**WHAT IS BEING ASKED:** Output each line of the material exactly as it stands.

**MATERIAL PROVIDED:**
_ _ _ _

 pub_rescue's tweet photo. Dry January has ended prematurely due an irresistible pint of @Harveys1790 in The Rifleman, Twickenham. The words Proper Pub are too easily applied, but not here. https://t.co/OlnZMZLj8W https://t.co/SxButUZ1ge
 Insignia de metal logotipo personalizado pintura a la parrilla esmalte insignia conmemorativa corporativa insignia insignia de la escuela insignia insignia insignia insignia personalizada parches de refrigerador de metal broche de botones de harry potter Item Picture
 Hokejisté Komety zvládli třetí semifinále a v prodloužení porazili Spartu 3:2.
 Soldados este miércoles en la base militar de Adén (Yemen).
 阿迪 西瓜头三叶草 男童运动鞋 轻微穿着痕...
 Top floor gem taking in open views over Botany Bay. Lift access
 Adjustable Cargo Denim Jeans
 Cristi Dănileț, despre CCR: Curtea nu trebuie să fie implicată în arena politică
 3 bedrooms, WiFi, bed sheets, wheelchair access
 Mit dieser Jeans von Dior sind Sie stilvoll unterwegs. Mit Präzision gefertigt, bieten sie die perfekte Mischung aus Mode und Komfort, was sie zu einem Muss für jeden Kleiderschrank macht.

_ _ _ _

**RESPONSE BOX:**
 pub_rescue's tweet photo. Dry January has ended prematurely due an irresistible pint of @Harveys1790 in The Rifleman, Twickenham. The words Proper Pub are too easily applied, but not here. https://t.co/OlnZMZLj8W https://t.co/SxButUZ1ge
 Insignia de metal logotipo personalizado pintura a la parrilla esmalte insignia conmemorativa corporativa insignia insignia de la escuela insignia insignia insignia insignia personalizada parches de refrigerador de metal broche de botones de harry potter Item Picture
 Hokejisté Komety zvládli třetí semifinále a v prodloužení porazili Spartu 3:2.
 Soldados este miércoles en la base militar de Adén (Yemen).
 阿迪 西瓜头三叶草 男童运动鞋 轻微穿着痕...
 Top floor gem taking in open views over Botany Bay. Lift access
 Adjustable Cargo Denim Jeans
 Cristi Dănileț, despre CCR: Curtea nu trebuie să fie implicată în arena politică
 3 bedrooms, WiFi, bed sheets, wheelchair access
 Mit dieser Jeans von Dior sind Sie stilvoll unterwegs. Mit Präzision gefertigt, bieten sie die perfekte Mischung aus Mode und Komfort, was sie zu einem Muss für jeden Kleiderschrank macht.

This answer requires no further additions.